## Task instructions
Please give again, word for word, the line that contains "Daiwa Aqualite Sensor Float" and every line after it to the end of the data, with no other lines.

Dataset excerpts
--- START ---

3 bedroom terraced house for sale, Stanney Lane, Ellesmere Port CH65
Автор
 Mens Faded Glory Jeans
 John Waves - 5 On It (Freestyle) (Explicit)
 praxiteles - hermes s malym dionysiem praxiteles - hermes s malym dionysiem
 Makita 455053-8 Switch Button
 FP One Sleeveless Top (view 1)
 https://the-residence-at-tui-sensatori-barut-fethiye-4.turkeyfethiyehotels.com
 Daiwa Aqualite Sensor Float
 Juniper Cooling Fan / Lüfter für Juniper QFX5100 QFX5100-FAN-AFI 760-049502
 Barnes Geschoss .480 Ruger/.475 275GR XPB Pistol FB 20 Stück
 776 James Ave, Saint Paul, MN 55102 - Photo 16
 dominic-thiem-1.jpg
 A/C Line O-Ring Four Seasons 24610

--- END ---

## Output of the exercise
 Daiwa Aqualite Sensor Float
 Juniper Cooling Fan / Lüfter für Juniper QFX5100 QFX5100-FAN-AFI 760-049502
 Barnes Geschoss .480 Ruger/.475 275GR XPB Pistol FB 20 Stück
 776 James Ave, Saint Paul, MN 55102 - Photo 16
 dominic-thiem-1.jpg
 A/C Line O-Ring Four Seasons 24610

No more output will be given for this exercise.